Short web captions
★ ★ ★ ★
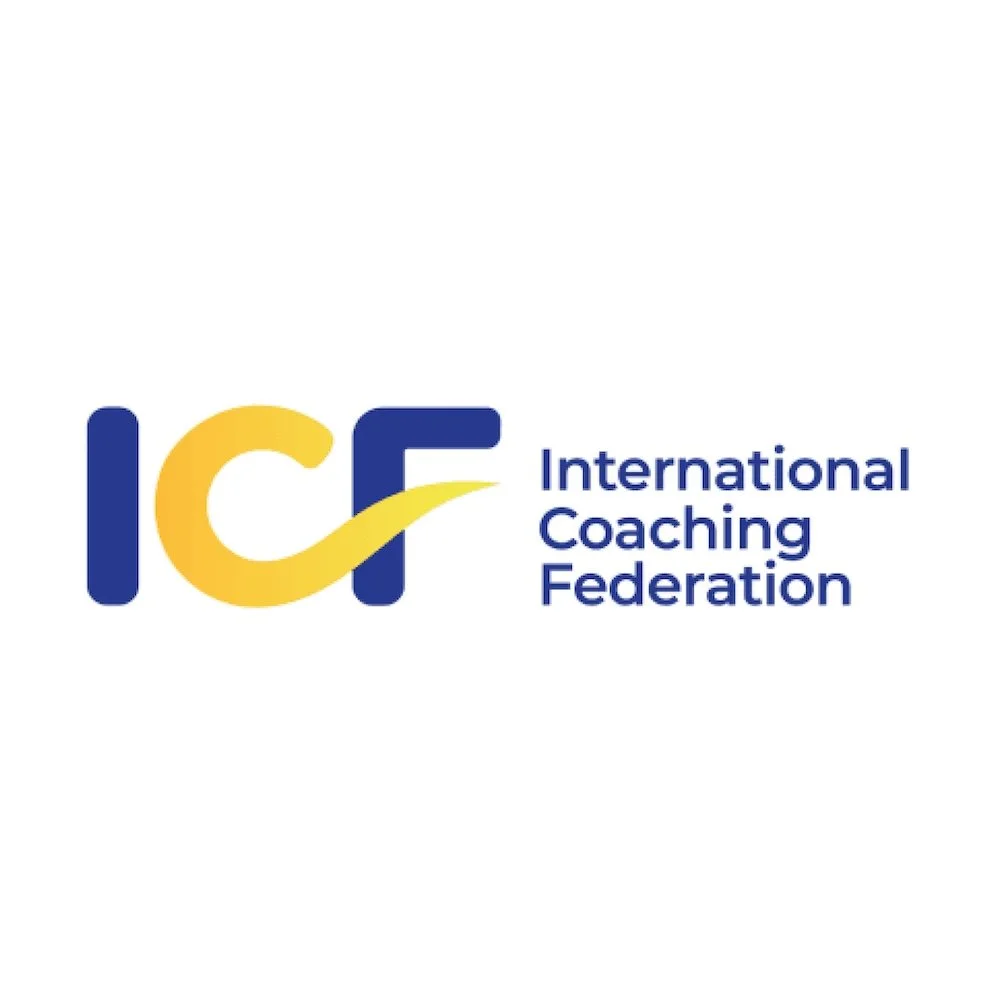 Logo of the International Coaching Federation, featuring the acronym ICF in blue and yellow, with the full name written to the right.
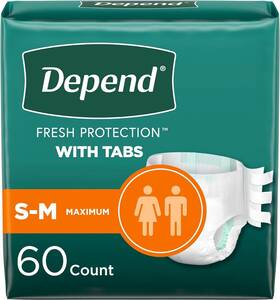 Depend 115826401082 With Tabs Incontinence Protection - Unisex Sm/med- 60 Ct 3x20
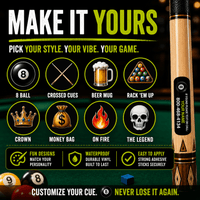 Stinky Lockers Personalized Pool Cue ID Decals, colorful billiard cue stickers on a black background with pool-related icons and text.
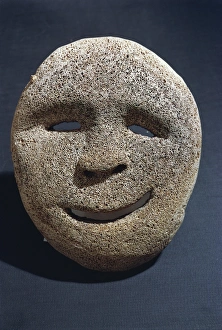 Exhibits Prints: Eskimo whalebone mask, exhibited in Portland Museum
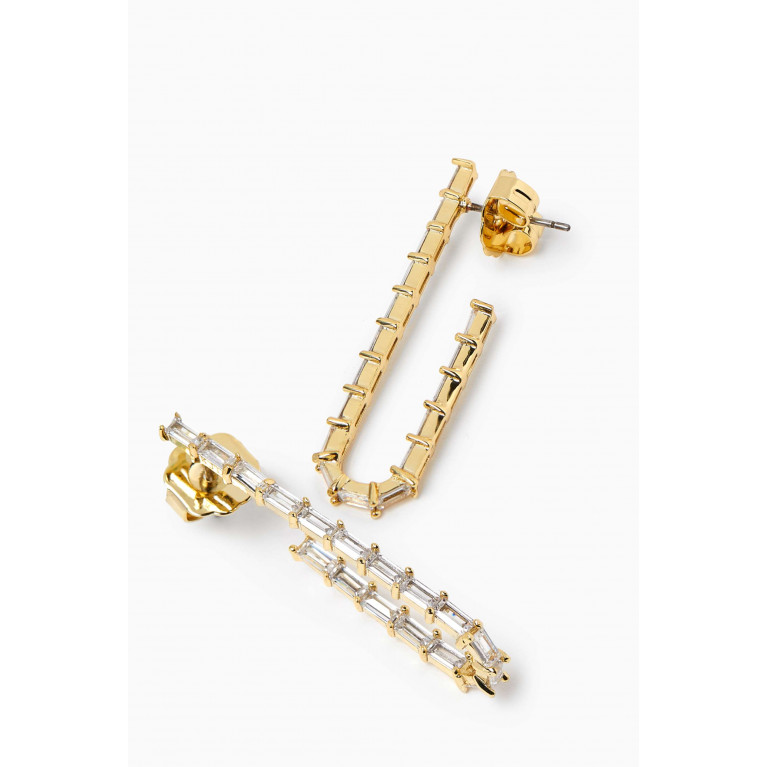 CZ by Kenneth Jay Lane - Baguette Elongated Hoop Earrings in Gold-plated Brass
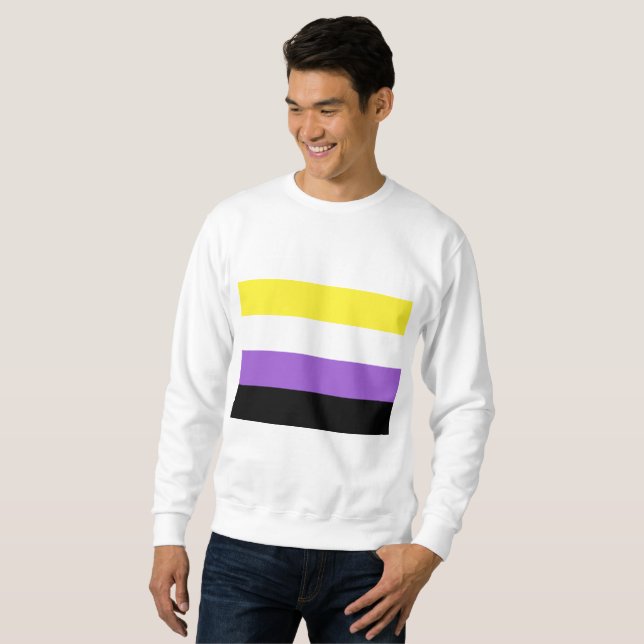 Nichtbinäre Pride-Flagge Sweatshirt (Vorne ganz)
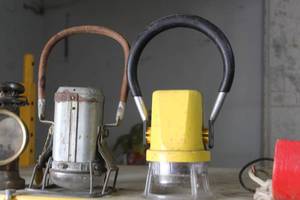 lot 763 image: Lot of (2) 7 Trainman Lantern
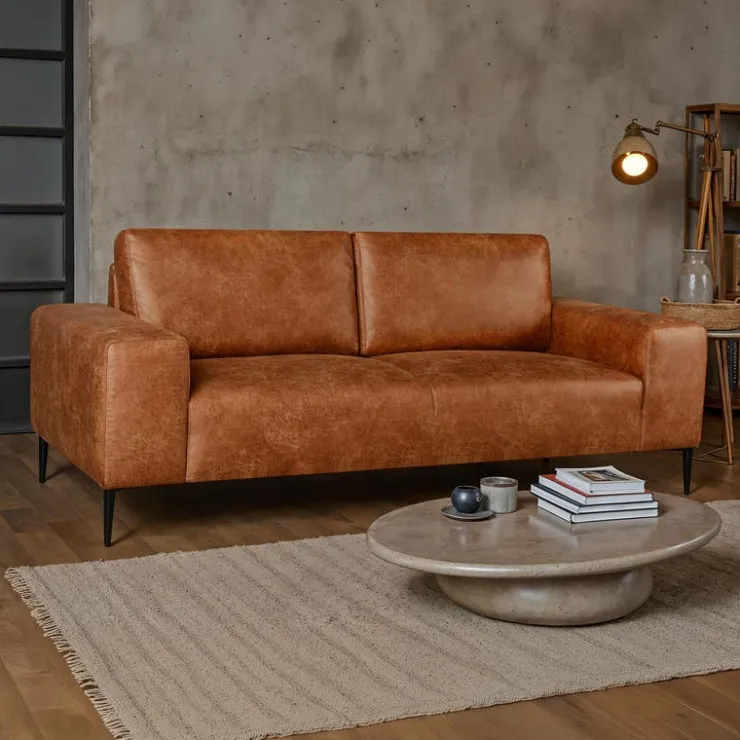 Sofa with Deep Seats and Square Armrests Brown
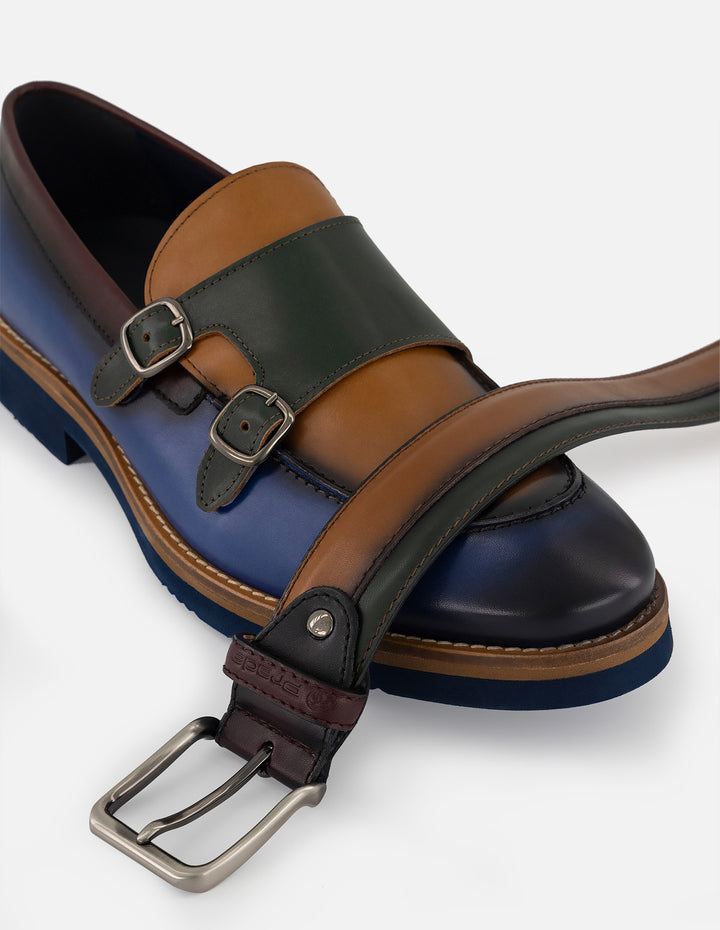 Mocasines con antifaz de doble hebilla en piel multicolor para hombre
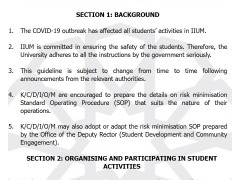 IIUM OFFICIAL GUIDELINES FOR STUDENTS' ACTIVITIES DUE TO THE CONDITIONAL MOVEMENT CONTROL ORDER (CMCO) 01/2021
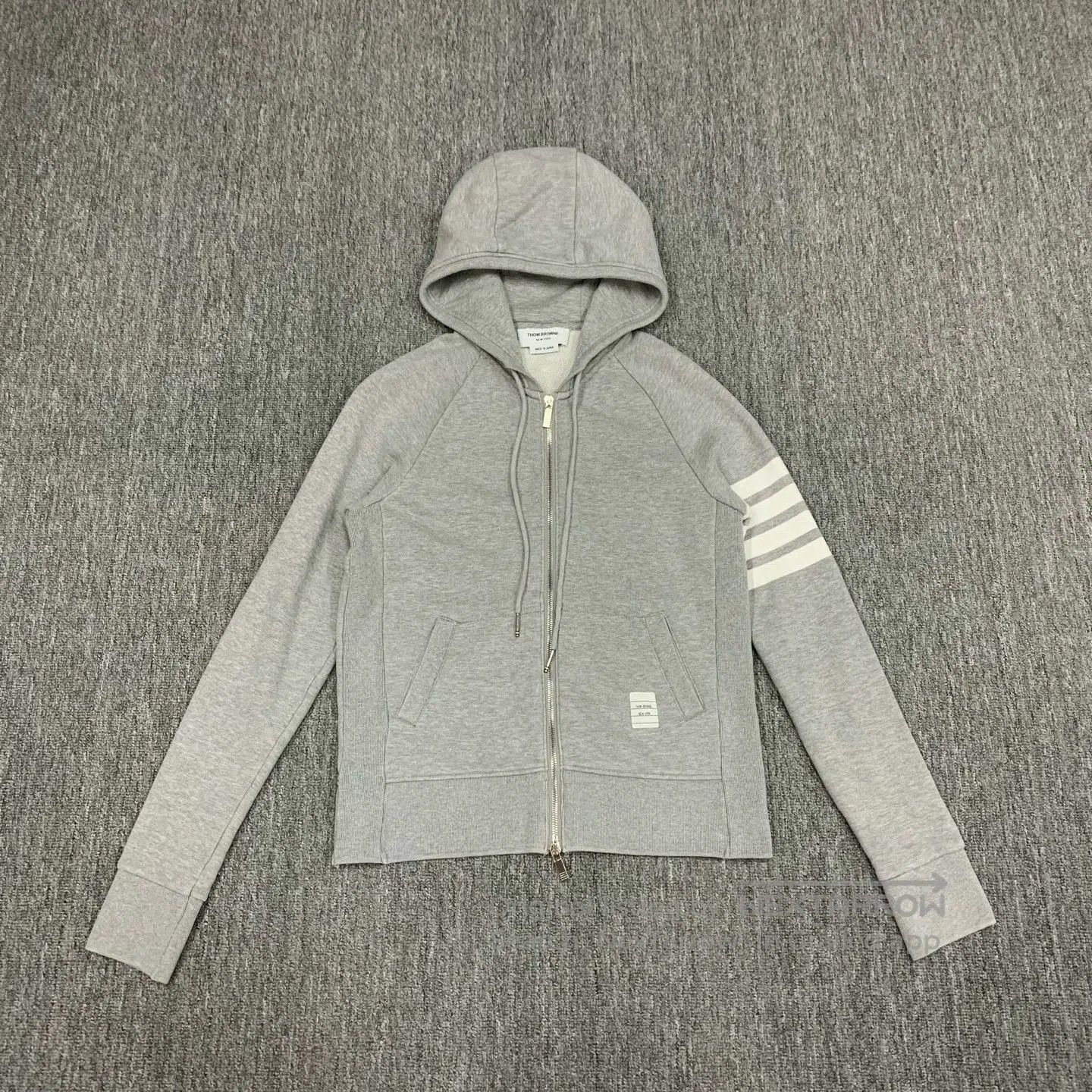 Thom Browne gray striped hooded jacket by Thom Browne. Size US M / EU 48-50 / 2 - 1 Thumbnail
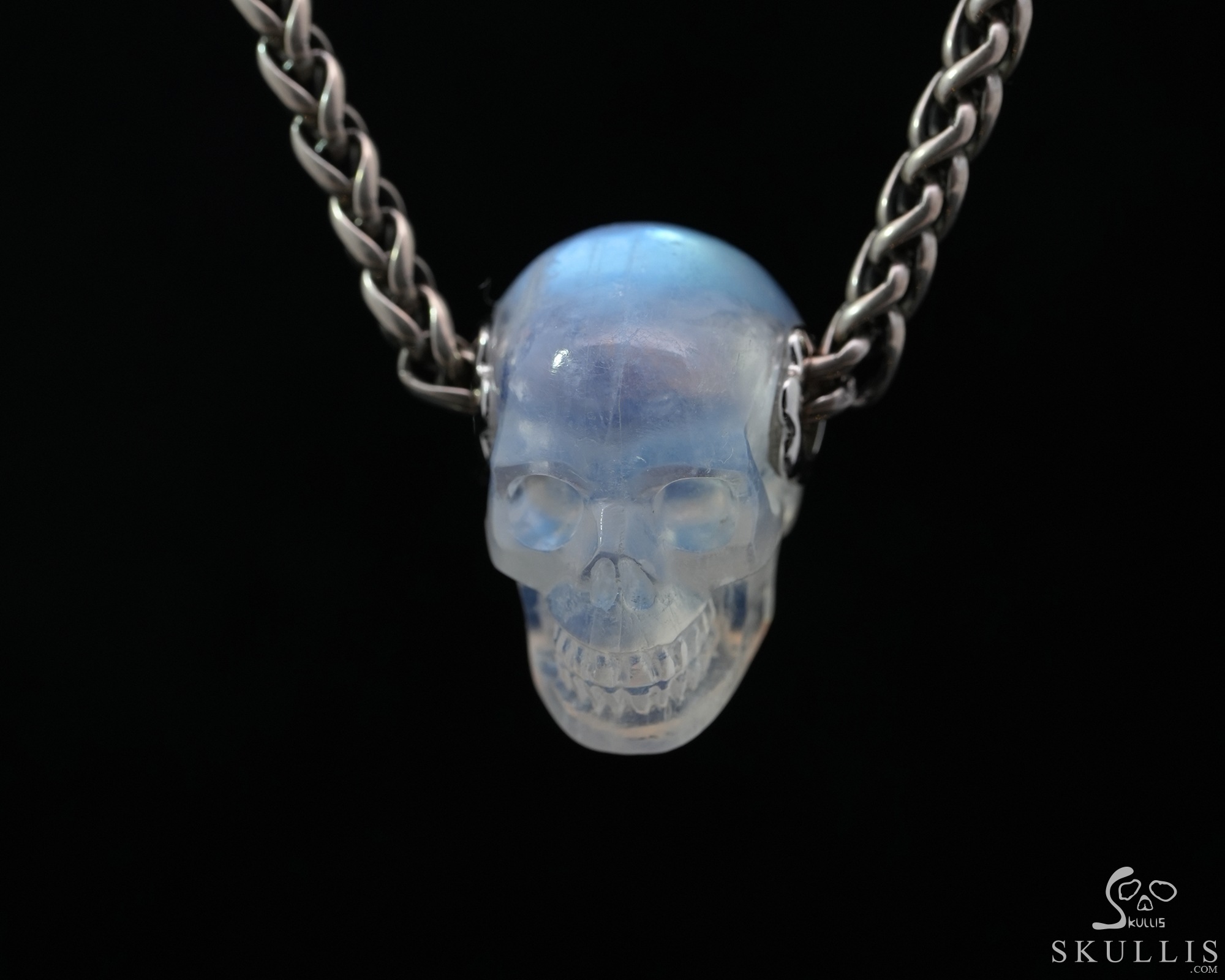 Gemstone Necklace of 0.7" Moonstone Hand Carved Crystal Skull Pendant, Skull Jewelry Gemstone Necklace of 0.7" Moonstone Hand Carved Crystal Skull Pendant, Skull Jewelry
★ ★ ★ ★
What this task involves
Verbatim, write out the line containing "CZ by Kenneth" and all later lines through the end of the records, leaving every picture out.

Response area
 CZ by Kenneth Jay Lane - Baguette Elongated Hoop Earrings in Gold-plated Brass
 Nichtbinäre Pride-Flagge Sweatshirt (Vorne ganz)
 lot 763 image: Lot of (2) 7 Trainman Lantern
 Sofa with Deep Seats and Square Armrests Brown
 Mocasines con antifaz de doble hebilla en piel multicolor para hombre
 IIUM OFFICIAL GUIDELINES FOR STUDENTS' ACTIVITIES DUE TO THE CONDITIONAL MOVEMENT CONTROL ORDER (CMCO) 01/2021
 Thom Browne gray striped hooded jacket by Thom Browne. Size US M / EU 48-50 / 2 - 1 Thumbnail
 Gemstone Necklace of 0.7" Moonstone Hand Carved Crystal Skull Pendant, Skull Jewelry Gemstone Necklace of 0.7" Moonstone Hand Carved Crystal Skull Pendant, Skull Jewelry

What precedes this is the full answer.